I Dare

I Dare

This morning I came awake with a memory of a particular period of my life while still living in Jamaica. It was a period of discovery, adventure, self analysis and experiments. I have never been one to allow what others think of my appearance, style or approach to life to stifle any of my expressions, as long as it wasn’t affecting their well being. I grew up in a culture that can be very critical and judgmental, a people that can take themselves so seriously that lives may suffer. Sad but true.

Between 17 and 19 years of age I ventured into the dangerous realm of individuality, and wandered down pathways of discovering what I truly liked, wanted to be, and how I needed to live!

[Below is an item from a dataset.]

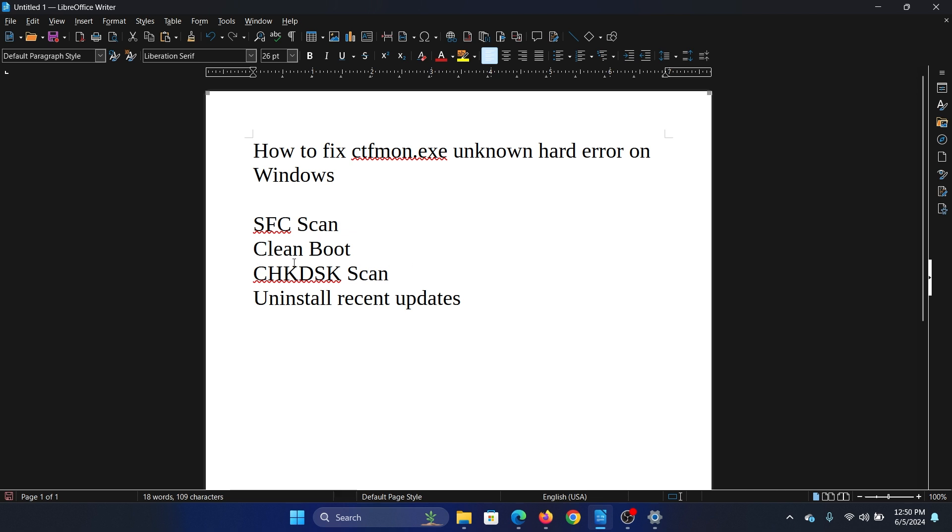But I would prefer an SFC scan and clean boot first. Why? Because if a third-party software product installed on your system is causing the problem, that software has to be removed first. However, SFC scan.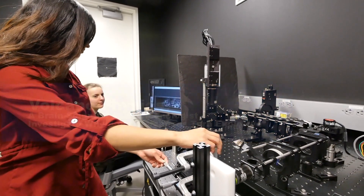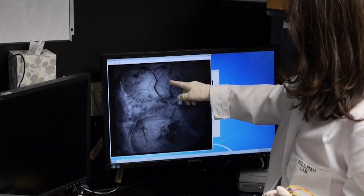My lab develops optical imaging methods and microscopy methods to look at the living brain, and then we use them to study lots of different aspects of how the brain works.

I cut my hair (the processed tresses that my mother loved) and went natural. I wore toe rings (way before it became popular), went around barefoot, donned armbands, wore my shirt unbuttoned to my navel (obviously I didn’t have much in the way of breasts) and embraced everything artistic and “out of the box”.

My friends were all artists, actors, dancers, and struggling. We communed at one house or the other on weekends, hitch hiked across the mountains to the North Coast and the white sand beaches of Negril and rode bikes up and down sandy roads which regularly contributed to one of us landing on our ass in the hedges or pebbles on the side of the road. We smoked and drank Red Stripe Beer while watching the orange sun kiss the temples of the Caribbean Sea, and we were happy.

On my own however, when I ventured to the streets of my mother’s community, or walked in the city to get a bus, I became a target. I was too different for women not to scold me for having shaved my head, or children not to laugh at. I was too independent looking for men not to yell obscenities at me or challenge me for wearing pants and shirts that showed my chest “like a boy”. I kept on going however, I never faltered and I didn’t stop being me. I weathered the challenges and grew strong.

I left Jamaica in 1985. I was untethered from the scorching eyes and questioning lips. I released the breath that held my insides together for so long and looked towards being me in this huge USA. My memories of these times sometimes make me look at that young girl and wonder how she did it, where she found that strength at such a young age? I wouldn’t change it if I could. I believe that those years filled me with something that allowed me to find my way no matter what. I love Jamaica and I visit often. I cherish all it gave me, the precious memories and the harsh experiences. I am here now and I am strong and I am loving the fact that I always did it my way.